In der römischen Welt war Adoption eine bedeutende und gängige Praxis. Heute können wir ein Testament verfassen und unser Vermögen und Eigentum jedem vermachen, egal ob Mann oder Frau. In der römischen Welt musste ein Mann, mit wenigen Ausnahmen, sein Vermögen an seinen Sohn bzw. seine Söhne weitergeben. Hatte ein Mann keine Söhne oder war er der Meinung, dass seine Söhne nicht in der Lage waren, sein Vermögen zu verwalten oder seines Vermögens nicht würdig waren, musste er jemanden adoptieren, der ein würdiger Sohn sein würde. Diese Adoptionen waren keine Säuglingsadoptionen, wie sie heute üblich sind. Normalerweise wurden ältere Jungen und erwachsene Männer adoptiert. In manchen Fällen konnte der Adoptierte sogar älter sein als der Mann, der ihn adoptierte. Nach der rechtlichen Anerkennung der Adoption wurden dem Adoptierten alle Schulden erlassen und er erhielt einen neuen Namen. Er war der rechtmäßige Sohn seines Adoptivvaters und hatte Anspruch auf alle Rechte und Vorteile eines Sohnes. Ein Vater konnte seinen leiblichen Sohn verleugnen, doch eine Adoption war unwiderruflich
Paulus verwendet in seinen Briefen an römische Zuhörer die Metapher der Adoption, die ein römisches Publikum verstanden hätte. In Galater 4,3-7 heißt es: „So waren auch wir, als wir Kinder waren, Sklaven der Elemente der Welt. Als aber die Zeit erfüllt war, sandte Gott seinen Sohn, geboren von einer Frau und unter das Gesetz getan, damit er die, die unter dem Gesetz waren, erlöste, damit wir die Sohnschaft empfingen. Weil ihr aber Söhne seid, sandte Gott den Geist seines Sohnes in unsere Herzen, der ruft: Abba, Vater! Du bist also nicht mehr Sklave, sondern Sohn; und weil du Sohn bist, bist du auch Erbe durch Gott.“ In dieser Passage werden Christen als Sklaven geboren, aber Jesus kauft sie aus der Sklaverei frei, und sie werden vom Vater adoptiert und erhalten den Geist, sodass sie nun Erben sind.

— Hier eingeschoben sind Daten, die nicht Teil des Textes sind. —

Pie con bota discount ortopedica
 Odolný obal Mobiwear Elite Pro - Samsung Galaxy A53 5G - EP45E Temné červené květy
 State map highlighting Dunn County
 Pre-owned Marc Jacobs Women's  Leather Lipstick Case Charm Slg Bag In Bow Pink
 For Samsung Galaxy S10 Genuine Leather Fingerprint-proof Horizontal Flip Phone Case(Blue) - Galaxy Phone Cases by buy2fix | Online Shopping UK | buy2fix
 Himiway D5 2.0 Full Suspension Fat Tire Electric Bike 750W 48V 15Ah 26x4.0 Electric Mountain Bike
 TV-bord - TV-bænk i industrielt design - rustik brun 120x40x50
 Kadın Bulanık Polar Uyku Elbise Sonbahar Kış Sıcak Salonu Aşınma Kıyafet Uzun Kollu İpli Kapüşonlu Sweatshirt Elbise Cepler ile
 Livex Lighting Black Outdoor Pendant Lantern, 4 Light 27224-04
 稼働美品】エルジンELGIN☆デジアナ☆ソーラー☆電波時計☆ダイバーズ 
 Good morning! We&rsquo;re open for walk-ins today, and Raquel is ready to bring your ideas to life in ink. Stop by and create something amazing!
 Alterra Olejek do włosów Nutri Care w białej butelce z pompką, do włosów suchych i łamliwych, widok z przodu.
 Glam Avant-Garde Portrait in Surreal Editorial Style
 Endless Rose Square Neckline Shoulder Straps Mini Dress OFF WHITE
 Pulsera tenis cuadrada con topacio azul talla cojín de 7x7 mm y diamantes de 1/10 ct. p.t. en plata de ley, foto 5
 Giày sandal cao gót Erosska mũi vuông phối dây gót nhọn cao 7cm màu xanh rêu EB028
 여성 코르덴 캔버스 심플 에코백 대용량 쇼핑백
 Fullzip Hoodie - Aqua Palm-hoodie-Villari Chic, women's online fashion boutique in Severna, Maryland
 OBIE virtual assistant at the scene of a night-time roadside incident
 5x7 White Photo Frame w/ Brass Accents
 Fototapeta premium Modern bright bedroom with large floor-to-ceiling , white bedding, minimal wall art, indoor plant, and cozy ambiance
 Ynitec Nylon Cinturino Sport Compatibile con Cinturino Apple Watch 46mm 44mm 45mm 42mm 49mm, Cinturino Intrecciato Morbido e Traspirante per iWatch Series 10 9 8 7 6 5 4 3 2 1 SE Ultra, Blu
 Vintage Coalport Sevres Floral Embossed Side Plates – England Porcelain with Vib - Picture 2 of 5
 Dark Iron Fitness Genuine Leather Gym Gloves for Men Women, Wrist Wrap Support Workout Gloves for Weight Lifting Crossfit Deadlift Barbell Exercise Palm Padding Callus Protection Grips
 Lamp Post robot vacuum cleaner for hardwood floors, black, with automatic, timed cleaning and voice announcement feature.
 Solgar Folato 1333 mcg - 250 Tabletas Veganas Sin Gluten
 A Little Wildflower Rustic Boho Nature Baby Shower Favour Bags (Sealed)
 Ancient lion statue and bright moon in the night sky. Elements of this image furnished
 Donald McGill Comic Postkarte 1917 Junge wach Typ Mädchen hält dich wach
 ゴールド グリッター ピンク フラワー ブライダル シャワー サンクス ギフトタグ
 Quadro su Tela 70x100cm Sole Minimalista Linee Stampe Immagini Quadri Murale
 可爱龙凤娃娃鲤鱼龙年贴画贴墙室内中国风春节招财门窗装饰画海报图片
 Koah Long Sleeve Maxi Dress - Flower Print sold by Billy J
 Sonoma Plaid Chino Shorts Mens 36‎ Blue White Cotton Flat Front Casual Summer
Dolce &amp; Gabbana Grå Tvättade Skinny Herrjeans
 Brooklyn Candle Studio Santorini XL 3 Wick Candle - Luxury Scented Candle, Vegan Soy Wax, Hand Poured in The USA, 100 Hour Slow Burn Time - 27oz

Wenn wir zum Glauben an Christus kommen, werden unsere Schulden getilgt, wir erhalten einen neuen Namen und alle Rechte, die Erben Gottes besitzen. Ein Unterschied zur römischen Adoption besteht darin, dass Christen nicht adoptiert werden, weil Gott sie für würdige Erben hält. Gott adoptiert Menschen, die völlig unwürdig sind, weil er sie aufgrund seiner Gnade adoptiert.
Christen wurden also in Gottes Familie hineingeboren (um eine jüdische Metapher zu verwenden) und in Gottes Familie adoptiert (um eine römische Metapher zu verwenden). Das Endergebnis ist dasselbe: Christen sind für immer Teil von Gottes Familie.